Start of Source information
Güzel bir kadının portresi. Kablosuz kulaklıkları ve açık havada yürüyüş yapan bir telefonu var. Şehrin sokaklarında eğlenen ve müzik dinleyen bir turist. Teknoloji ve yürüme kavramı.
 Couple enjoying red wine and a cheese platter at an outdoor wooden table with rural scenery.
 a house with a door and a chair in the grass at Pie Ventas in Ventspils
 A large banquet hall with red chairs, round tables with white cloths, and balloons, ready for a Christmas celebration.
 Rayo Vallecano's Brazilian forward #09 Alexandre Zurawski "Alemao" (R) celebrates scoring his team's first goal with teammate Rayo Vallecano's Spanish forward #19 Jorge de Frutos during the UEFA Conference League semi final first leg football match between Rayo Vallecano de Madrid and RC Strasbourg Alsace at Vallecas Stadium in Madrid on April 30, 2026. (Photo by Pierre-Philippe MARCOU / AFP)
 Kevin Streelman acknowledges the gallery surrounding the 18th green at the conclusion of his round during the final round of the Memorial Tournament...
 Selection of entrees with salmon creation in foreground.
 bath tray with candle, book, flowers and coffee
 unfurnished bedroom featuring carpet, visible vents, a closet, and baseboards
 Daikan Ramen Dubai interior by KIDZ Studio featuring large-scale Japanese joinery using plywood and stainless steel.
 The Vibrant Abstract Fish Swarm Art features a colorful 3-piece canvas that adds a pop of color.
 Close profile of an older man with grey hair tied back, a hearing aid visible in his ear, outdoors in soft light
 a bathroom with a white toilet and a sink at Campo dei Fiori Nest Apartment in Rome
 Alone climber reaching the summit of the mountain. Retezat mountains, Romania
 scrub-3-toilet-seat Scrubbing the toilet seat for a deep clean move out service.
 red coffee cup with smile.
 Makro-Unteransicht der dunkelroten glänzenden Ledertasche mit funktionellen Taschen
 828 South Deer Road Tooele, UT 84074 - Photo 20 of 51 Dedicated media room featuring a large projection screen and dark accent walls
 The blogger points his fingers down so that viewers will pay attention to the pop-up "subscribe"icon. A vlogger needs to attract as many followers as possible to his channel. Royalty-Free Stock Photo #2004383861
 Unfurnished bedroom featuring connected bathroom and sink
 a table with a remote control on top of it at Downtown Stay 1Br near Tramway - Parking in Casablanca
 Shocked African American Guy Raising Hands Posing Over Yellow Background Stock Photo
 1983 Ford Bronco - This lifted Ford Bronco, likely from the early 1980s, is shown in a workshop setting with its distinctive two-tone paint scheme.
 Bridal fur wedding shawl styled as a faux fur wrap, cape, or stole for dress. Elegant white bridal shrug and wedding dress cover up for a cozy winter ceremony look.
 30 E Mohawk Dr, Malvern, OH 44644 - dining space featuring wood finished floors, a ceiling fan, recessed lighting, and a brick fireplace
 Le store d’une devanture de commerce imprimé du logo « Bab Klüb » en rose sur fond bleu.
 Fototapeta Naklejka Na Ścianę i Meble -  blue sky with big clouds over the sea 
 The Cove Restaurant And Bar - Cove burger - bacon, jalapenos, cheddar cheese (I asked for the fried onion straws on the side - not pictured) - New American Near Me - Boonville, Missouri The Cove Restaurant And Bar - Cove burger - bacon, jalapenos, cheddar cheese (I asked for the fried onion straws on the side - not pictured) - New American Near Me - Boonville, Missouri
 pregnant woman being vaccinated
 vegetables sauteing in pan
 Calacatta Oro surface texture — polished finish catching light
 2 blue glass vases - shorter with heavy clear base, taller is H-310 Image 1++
End of Source information
* **What is expected**: Return only those lines of the records that contain the string "large".

* **Answer for this exercise**:
 A large banquet hall with red chairs, round tables with white cloths, and balloons, ready for a Christmas celebration.
 Daikan Ramen Dubai interior by KIDZ Studio featuring large-scale Japanese joinery using plywood and stainless steel.
 828 South Deer Road Tooele, UT 84074 - Photo 20 of 51 Dedicated media room featuring a large projection screen and dark accent walls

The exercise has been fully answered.